Being fourteen years old was one of the most exciting times of my life. Not quite old enough to fully step into adulthood, but old enough to experience many of its enchantments and brush up against the young man I was going to be, it contained the best of both worlds. Part of me also understood in a way that none of my peers seemed to understand, how lucky we were to be just fourteen, and still clinging to the innocence and hope and happiness that childhood, at its best, affords to the fortunate. 

When my niece and nephew turned fourteen, I advised that they make the most of it, embrace each day, and savor this time in their lives. They’ve already been touched by loss in ways that I hadn’t at that age, so perhaps it’s too late. That’s still sound advice for any age, and I should probably take more of it myself. With the tenderness of that time in my mind, I threw them their first grown-up dinner party, and invited their respective boyfriend and girlfriend, whom I had not met. Every dinner party should have elements of excitement, awkwardness, sparkle, and uncertainty. (And meeting me for the first time usually has all of that and more.)

Originally I had planned on just having dinner and sending them on their merry way, but friends of mine who have children kept asking what we were going to do, at which point I realized that teenagers might need to be entertained, especially as I didn’t want everyone just lamely resorting to their phone. And so I put a little more organizational effort into the evening (in addition to making Patti LaBelle’s Over the Rainbow Mac and cheese, appetizer meatballs, and a batch of collard greens). 

We began the evening with a custom that the twins and I have had for a while: the Circle of Trust.
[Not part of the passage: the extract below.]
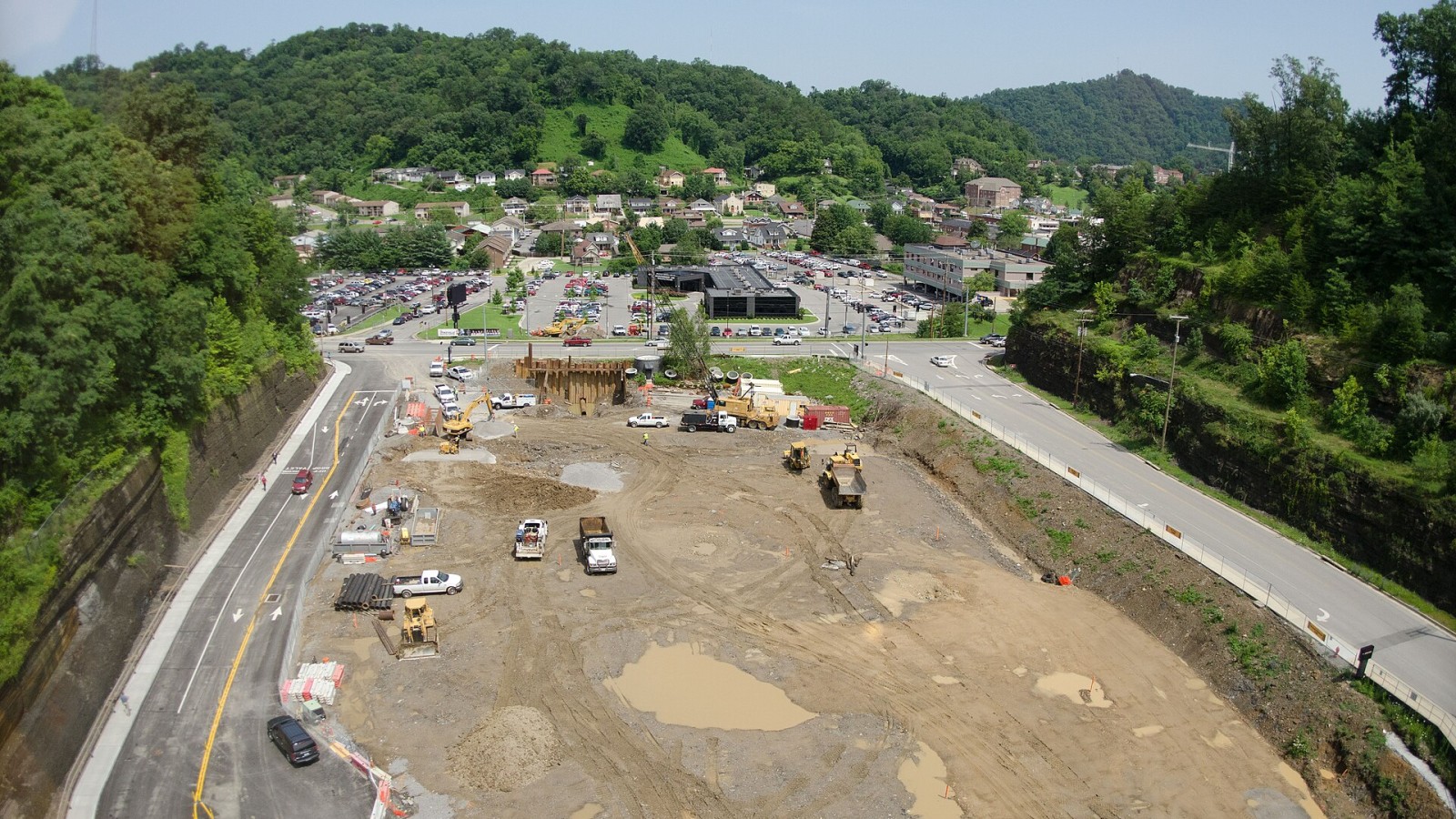 From the Pikeville Medical Center building, a portion of the U-shaped town of Pikeville can be seen beyond the above ground construction phase (foreground) of the Pikeville Medical Center (PMC) expansion project, on Tues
Banishing all responsible adults from the vicinity (in this case that was just Andy), it’s an opportunity to share whatever is on anyone’s mind. The twins are comfortable enough with me simply to talk – I figured that two new people would not be as forthcoming, so I printed out a bunch of questions and sprinkled them into a bowl, where we would each randomly select one and answer it. 

I thought we would do one round and call it a day but they wanted to go through the whole bowl of questions, so we did. At the end of that it was time for dinner, and I passed around the Goblet of Toasts, which had several toasts printed that we each read – some silly and saucy, some sweet and sentimental

Since the twins haven’t been too keen on dessert of late, I had some Christmas sweet treats from Andy that Ryan assembled on the platter in the feature photo. They then suggested we play pool and chess in the cellar, so I went down with them and promptly lost a chess game to Ryan – which is my first loss in decades – perhaps a sign of passing the torch on to the next generation. It feels like time. There were several pool matches after that, and none of us were very good at it, which made for a relatively level playing field. Planting a hopeful seed in the wintry ground, Emi and I discussed a theme for summer and settled on one – she came up with last summer’s coquette theme, and this one seems similarly scintillating

As the evening wound down, I wondered if any of the teenagers would remember this night years from now; fourteen was the age when I started making the memories that I still have to this day. Even with having written this brief recollection down in a blog post, I’m likely to forget all the details by next week. I asked everyone to write down their favorite moment of the evening in an effort to remember (usually we do a rose and thorn with one good and one bad, but I wanted to end the evening on a purely good note so we omitted the thorns). One person wrote down their positive and insisted on adding a negative as well, which was as follows: “Not enough time here.”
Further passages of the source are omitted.